Full-text search with Solr, Xapian, and Sphinx

Tracker Dogs

Author(s):

Full-text search engines like Solr, Xapian, and Sphinx make the daily data chaos on your hard disk searchable – and they even cooperate with relational databases.

Creating a list of 10 websites that discuss the latest Ubuntu release is simple: just use Google or another one of the popular web search engines. But if you host an information-packed website yourself and want to offer your own search function for it, you need a full-text search tool. Full-text search engines have other benefits for the user and developer. If you are building a custom application or DVD, for instance, you might want to include a full-text search tool to put important information at the user's fingertips. Full-text search delves the depths of random or systematically arranged data for one or more search terms. You will want the search results sorted by relevance, and you will want the results in a split second.

Luckily, admins and developers need not reinvent the wheel: Solr, Xapian, and Sphinx are open source projects that index and analyze data. But how do you define data? You can roughly distinguish two states in which the search engines find information: structured and unstructured.

Structured data has a fixed, predefined structure that allows it to be easily recognized, categorized, and processed with the help of applications. The most common form of structured data is a relational database, with data organized in rows and columns that, in turn, are connected in the form of tables. In contrast to this, unstructured data lacks a data model. Such data sets are often so ambiguous that a program cannot simply process them because the data, facts, and figures are totally mixed. Unstructured data is the domain of search engines that can at least arrange the chaotic data semantically.

Although both structured and unstructured data are both important, structured data offers several challenges for the search engine. For instance, the search engine must interact with a database engine to gain access to the data (see the box titled "No Connector?"). Also, websites and other custom web service infrastructures increasingly rely on back-end database systems for storing and organizing critical information.

No Connector?

Clearly, searching a database is more complicated with no database connector. In this case, the users themselves must ensure that the search engine treats each database entry as an individual document and indexes it as if it were unstructured data. Additionally, you need to create a new document for any subsequent entries in the database.

On top of this, you have to program the search manually to interact with the database. Although it is possible to work around the constraints, you have to consider a few factors – for example, the size of the database and whether it resides in a distributed environment.

In this article, I describe the Solr, Xapian, and Sphinx full-text search tools, paying particular attention to how to handle data stored in relational databases – with the spotlight on SQL variants.

Indexing and Search

Search engines in the wild exist in the form of libraries, which can be integrated into existing code or run as standalone services. These standalone services provide APIs for developers that let them tap into the search engine with their own programs.

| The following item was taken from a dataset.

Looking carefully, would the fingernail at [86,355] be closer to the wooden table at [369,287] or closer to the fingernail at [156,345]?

Basically, search engines follow two aims: Indexing prepares the data so that it is easily accessible, and the search process compiles the information in a meaningful way. If you look up the term index in the dictionary, you will see that indexing means making a list of things. Making a list is the first step in the process.

Solr, Sphinx, and Xapian rely on indexers to sift through the full inventory of data and apply different algorithms to create a searchable form (see the box titled "Stop Words and Stem Formation"). Grossly simplified, the search engine isolates key terms from the mass of data and stores them in the form of trees, binary trees, or hash tables in index files that also remember the relative position of the terms in the original documents.

Stop Words and Stem Formation

Every language includes words that do not add any significance to the body of text in which they appear; the indexer usually discards these words. In English, these stop words include the definite article (the), indefinite articles (a, an), and conjunctions (and, or).

Stem formation is a method that reverts declined or conjugated words to their stems. The associated algorithm assigns, for example, both "went" and "gone" to the stem "go."

When it comes to indexing information stored in a database, the index file generated by the search engine usually contains at least two things: the fields that are searched by the user, and the ID of the entry in the database, which makes it possible to reconstruct the record acquired by the search engine if necessary.

If multiple tables in a database are linked, the search engines must first understand how the individual tables are constructed, how they are related, and what information the full-text search needs when indexing in the database. When it finally comes to the actual data search, the search engine looks in the index file for the search terms and returns the IDs of the matches and the data sets created for them.

Some full-text search engines, whether they be servers or libraries, come with native support for interacting with popular database services, which allows automated indexing.

Indexing alone is useless if no search function can interpret the generated indices in a meaningful way. If you specify one or more keywords for a search, a search function investigates the indices created earlier and returns relevant results [1]. Because indexing removes redundant and meaningless words, the search proceeds much more quickly than if a computer were to search the original documents.

Reorganizing the data allows the user to track down an article, titled Many ways to find a cat by entering, for example, I'm looking for my kitty.

Apache Solr

Solr [2] is an open source, full-text search server by the Apache Software Foundation (the current version is 4.3.0) based on the Lucene search library [3], which also belongs to the Apache Software Foundation. Solr thus automatically assimilates new features when the Lucene project updates its software. Companies and institutions that use Solr include Netflix and SourceForge, but also NASA and the White House. As early as May 2011, Solr and Lucene decided to merge.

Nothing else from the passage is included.